Hill’s own five hosting gigs on SNL are a study in the many swerves his career has taken. When he first hosted in 2008, he was fresh off co-starring in the raunchy teen comedy Superbad, cementing himself as the smart, schlubby comedy guy. By his third hosting gig in 2014, he was joined onstage during his monologue by Leonardo DiCaprio, his co-star in the searing satire The Wolf of Wall Street, a Martin Scorsese picture that netted Hill his second Oscar nomination for best supporting actor after Moneyball just three years earlier. By 2018, when Hill was welcomed into the Five-Timers’ Club by Fey and Bergen, he had transformed again, this time into the director of the feature Mid90s.
Last week’s cameo was timely, of course, because Hill has a new movie out, Outcome. He directs, co-writes and co-stars in the feature that saw him earn attention for his physical transformation months before it arrived. It’s also a film that is difficult to watch without drawing parallels to both Hill’s odd and unexpected arc, as well as the real-life controversies that could have sunk his career.

Keanu Reeves (left) and Jonah Hill in Outcome.
Courtesy of Apple TV
Outcome focuses on a Hollywood star terrified of being canceled. Keanu Reeves plays Reef Hawk, a world-renowned movie star with two Oscars to his name. But Reef is also five years sober from a destructive heroin addiction that the adoring public thankfully is unaware of. He and his devoted high-school friends (Cameron Diaz and Matt Bomer), and his outlandish crisis attorney Ira (Hill, bald and with a bushy gray beard), have worked hard to keep his public image clean. That’s why the potential of a mysterious videotape with supposedly awful material on it leads Reef on an apology tour to make amends and suss out who may have the tape and why they want to reveal it to the world.
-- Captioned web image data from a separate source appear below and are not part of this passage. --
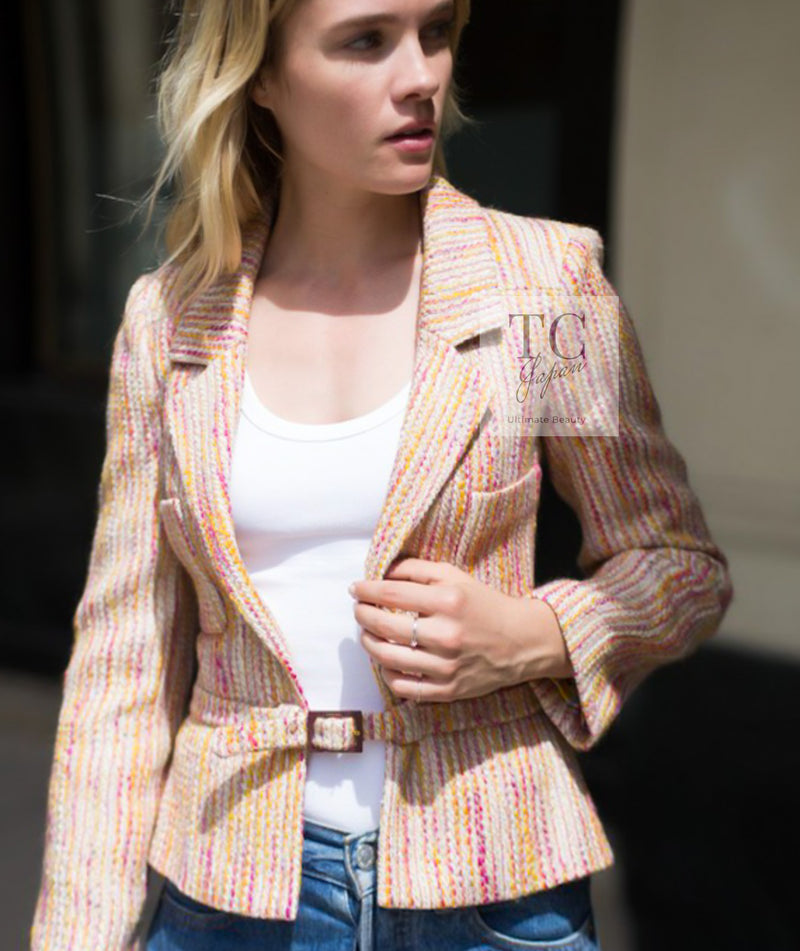 CHANEL 01A Orange Yellow Magenta Belt Jacket 34 36 シャネル オレンジ イエロー マルチ カラー ロゴ ベルト ツイード ジャケット 即発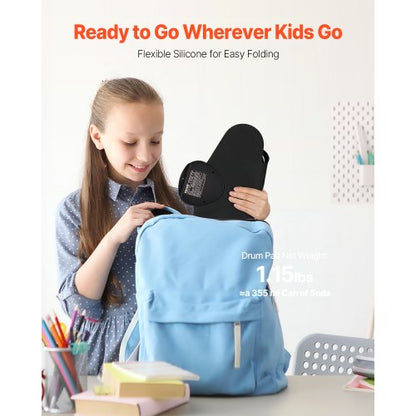 Electric Drum Set 7-Pads Children's Drum Set with Headphone Jack Pedals Speakers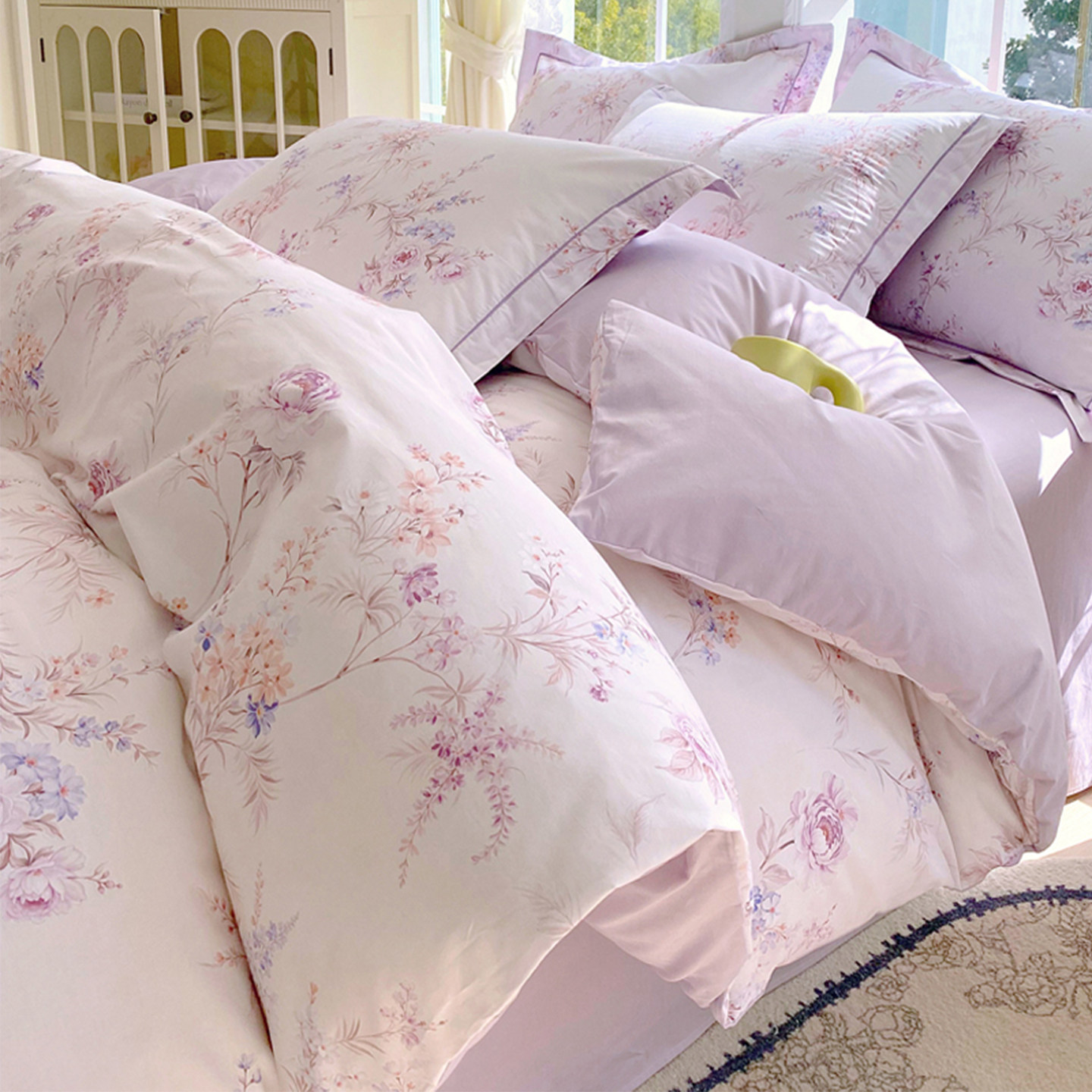 花卉纯棉被套单件150x200x230被罩100全棉床单床笠被单床上四件套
Perhaps the most frustrating thing about Outcome is that it has many fascinating aspects amidst truly obnoxious comedic choices and thuddingly obvious commentary about separating the art and the artist. (The latter is helpfully displayed via a smug bumper sticker.) Hill co-wrote the film with Ezra Woods, and may think he’s making a salient commentary by having a character note that being anti-Semitic no longer stops you from being successful, and then cutting to a large portrait of Kanye West. (Recent events in the United Kingdom may suggest otherwise.)
But the aspects of Outcome that resonate have nearly nothing to do with the nonsensical specter of cancel culture. Instead, it’s watching Reeves interact in this mercifully brief 83-minute film with a variety of performers whether or not he has shared history with them, from Diaz and Bomer to Susan Lucci as Reef’s mother and even, yes, Scorsese as the star’s first manager.
But to consider the other half of Outcome, you can’t help but reflect on Hill’s career. Since 2016, Hill has appeared in just five live-action films, this one included. (He’s got another comedy, Cut Off, set to open this summer.) But when he first became famous, he proved to be an immensely enjoyable performer in everything from the outrageously hilarious Jump Street movies to Moneyball to Cyrus.
He didn’t have quite the career Reef Hawk had. (The fictional character feels like a mild corollary to Reeves himself, or perhaps someone like Hill’s Moneyball co-star Brad Pitt when you factor in Oscar victories.) But Hill was able to jump from comedy to drama, and also flexed his behind-the-camera muscles with Mid90s.

Channing Tatum and Jonah Hill in 21 Jump Street.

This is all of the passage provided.